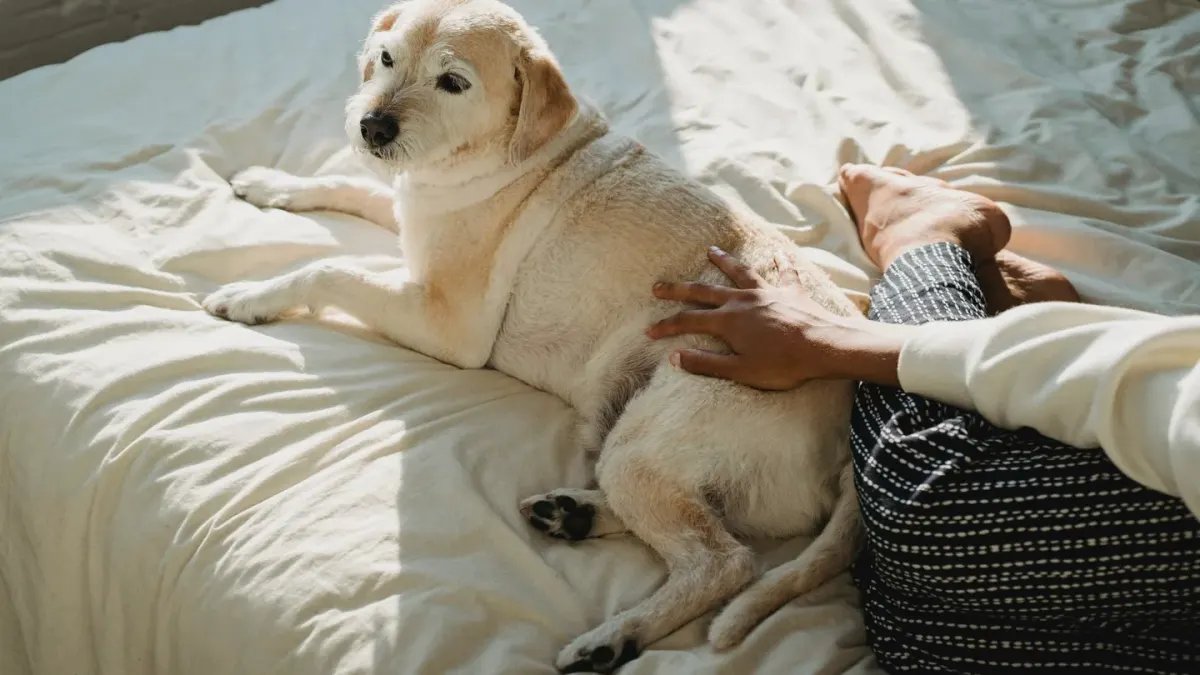 Senior mixed-breed dog resting on an orthopedic bed near a window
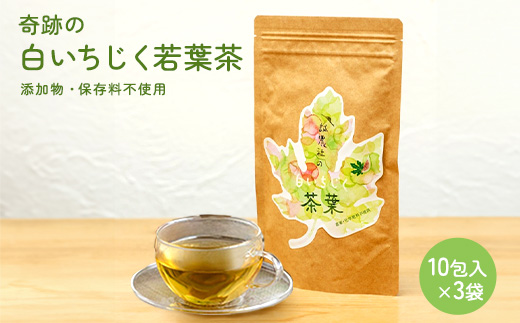 白いちじく茶（3袋）/農薬・化学肥料不使用/ファーストフラッシュ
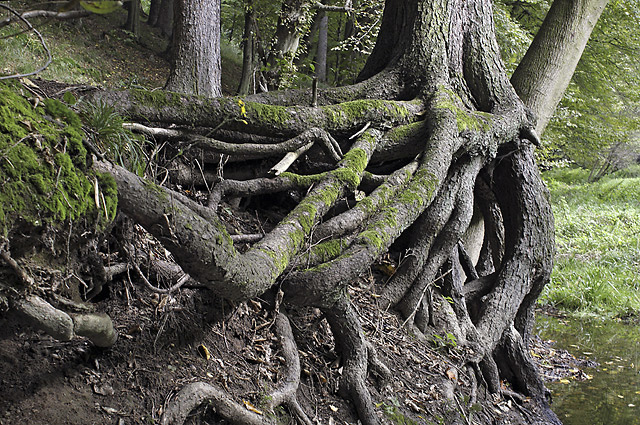 Kořeny - menší formát
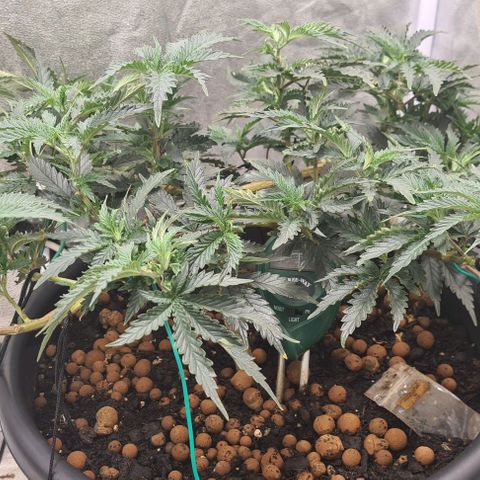 Chocolate mint og growlog timeline photo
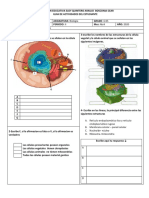 TALLER No1 - BIOLOGÍA 6º GRADO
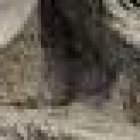 La supuestas momias de Nazca son hechas de goma y elementos vegetales.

▶ WHAT IS REQUIRED
All of the material above should be written out exactly as given, minus any images.

▶ WRITTEN ANSWER
 Senior mixed-breed dog resting on an orthopedic bed near a window
 白いちじく茶（3袋）/農薬・化学肥料不使用/ファーストフラッシュ
 Kořeny - menší formát
 Chocolate mint og growlog timeline photo
 TALLER No1 - BIOLOGÍA 6º GRADO
 La supuestas momias de Nazca son hechas de goma y elementos vegetales.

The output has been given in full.